Statute-Specific Performance

§101

8.7%

-31.3% vs TC avg

§103

86.1%

+46.1% vs TC avg

§102

2.5%

-37.5% vs TC avg

§112

1.4%

-38.6% vs TC avg

Black line = Tech Center average estimate • Based on career data from 298 resolved cases

Office Action

§103

DETAILED ACTION
Notice of Pre-AIA  or AIA  Status
The present application, filed on or after March 16, 2013, is being examined under the first inventor to file provisions of the AIA .

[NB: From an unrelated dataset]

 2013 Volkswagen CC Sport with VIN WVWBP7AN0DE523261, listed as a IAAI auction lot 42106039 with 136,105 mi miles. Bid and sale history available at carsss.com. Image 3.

Continued Examination Under 37 CFR 1.114
A request for continued examination under 37 CFR 1.114, including the fee set forth in 37 CFR 1.17(e), was filed in this application after final rejection.  Since this application is eligible for continued examination under 37 CFR 1.114, and the fee set forth in 37 CFR 1.17(e) has been timely paid, the finality of the previous Office action has been withdrawn pursuant to 37 CFR 1.114.  Applicant's submission filed on February 23, 2026 has been entered.
 
Response to Amendment
	This Office Action has been issued in response to Applicant’s Communication of amended application S/N 18/791,022 filed on January 26, 2026. Claims 1 to 18 are currently pending with the application.
 
Claim Rejections - 35 USC § 103
In the event the determination of the status of the application as subject to AIA  35 U.S.C. 102 and 103 (or as subject to pre-AIA  35 U.S.C. 102 and 103) is incorrect, any correction of the statutory basis (i.e., changing from AIA  to pre-AIA ) for the rejection will not be considered a new ground of rejection if the prior art relied upon, and the rationale supporting the rejection, would be the same under either status.  
The following is a quotation of 35 U.S.C. 103 which forms the basis for all obviousness rejections set forth in this Office action:
A patent for a claimed invention may not be obtained, notwithstanding that the claimed invention is not identically disclosed as set forth in section 102, if the differences between the claimed invention and the prior art are such that the claimed invention as a whole would have been obvious before the effective filing date of the claimed invention to a person having ordinary skill in the art to which the claimed invention pertains. Patentability shall not be negated by the manner in which the invention was made.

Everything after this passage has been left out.